The Pope, who had prayed for the bishop's release, was informed immediately of the release, said papal spokesman Joaquin Navarro-Valls. "He changed his prayer to one of thanks," he said.
A ransom of $200,000 US initially had been demanded but the bishop was released without the payment of any money, the Vatican said.
Kidnapped on Monday was Basile Georges Casmoussa, 66, of the Syrian Catholic Church, one of the branches of the Roman Catholic Church.
The Vatican had branded the kidnapping a "despicable terrorist act" and demanded his immediate release.
A priest in Iraq said on condition of anonymity that the archbishop was walking in front of the Al-Bishara church in Mosul's eastern neighbourhood of Muhandeseen when gunmen forced him into a car and drove away.
Mosul, in Iraq's north, has been a hotspot for the violent insurgency in recent months.
The reason for the kidnapping was unclear but Christians - tens of thousands of whom live in and around Mosul - have been subjected to attacks in the past.
Christians make up just three per cent of Iraq's 26 million people.

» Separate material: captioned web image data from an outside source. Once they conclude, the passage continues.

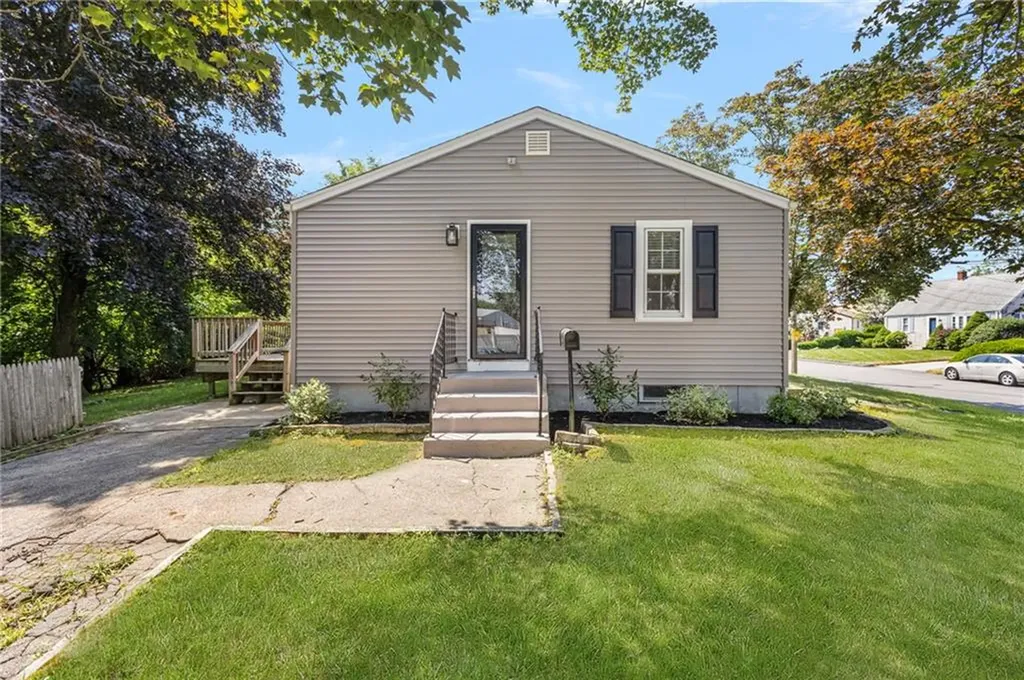 71 Waycross Drive Warwick RI 02888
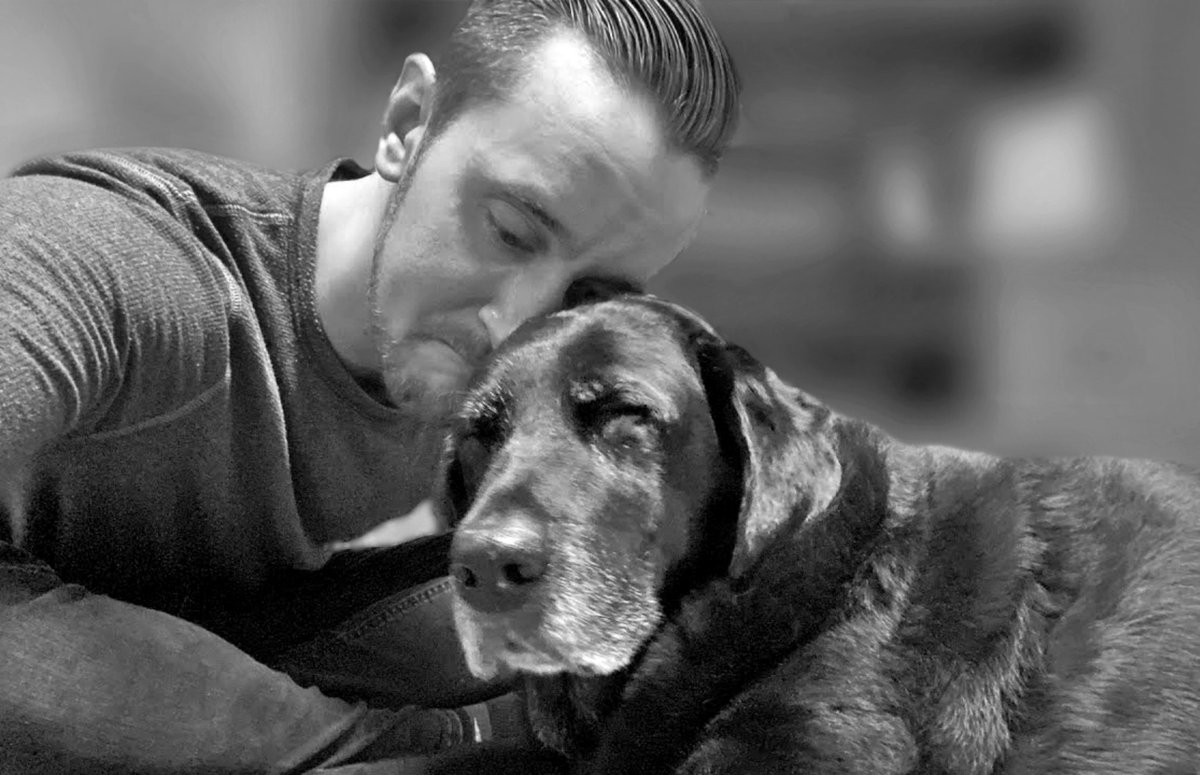 ― "UNA PARTE DE MÍ

Últimamente cuando te miro, veo que te mueves más despacito.
Comes cada vez menos y duermes más. Me doy cuenta de que ambos envejecemos. Me asusta imaginar mi vida sin ti.
Pero sé que se acerca el momento y me duele el corazón solo pensar en perderte o que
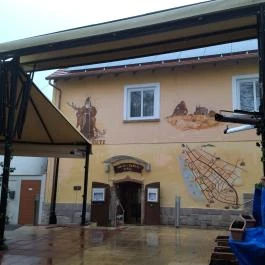 Remete-Pince Étterem, Vác - Külső kép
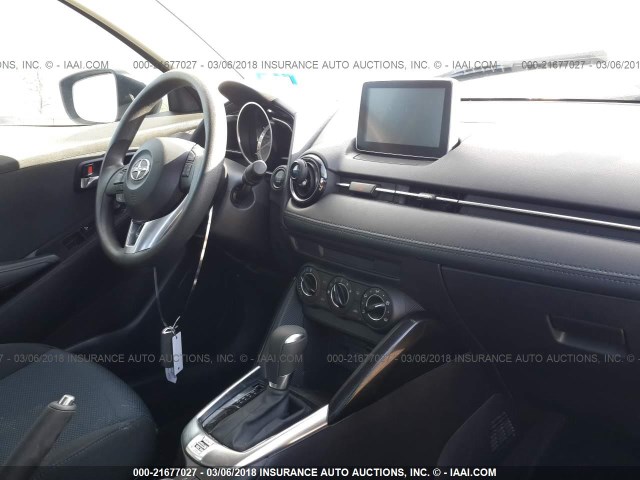 3MYDLBZV2GY130513 - 2016 TOYOTA SCION IA GRAY photo 8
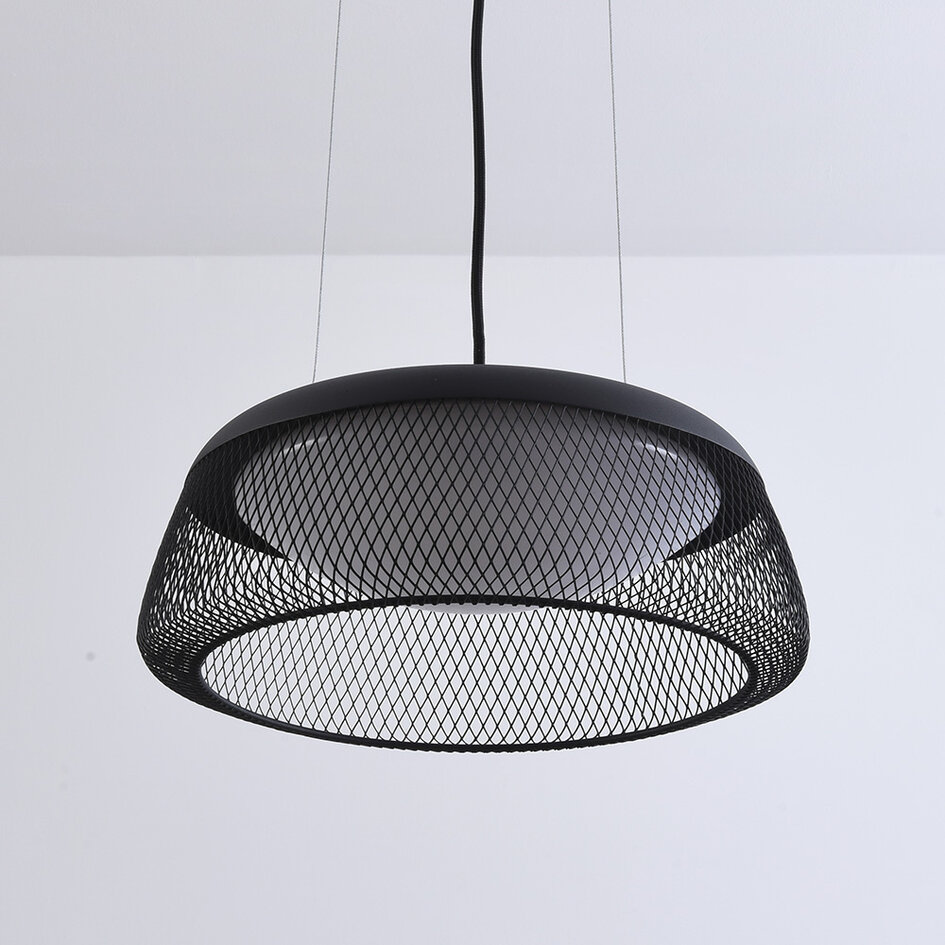 Dimbar pendellampa Milani - svart med öppen skärm och integrerad LED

The major Christian groups in Iraq include Chaldean-Assyrians and Armenians. There are small numbers of Roman Catholics.
Officials estimate that as many as 15,000 Iraqi Christians have left the country since August, when four churches in Baghdad and one in Mosul were attacked in a co-ordinated series of car bombings. The attacks killed 12 people and injured 61 others.
Another church was bombed in Baghdad in September.
However, Navarro-Valls said the Vatican didn't view the kidnapping as an anti-Christian act but part of the general climate of violence in Iraq. He said the archbishop was well-loved in the community.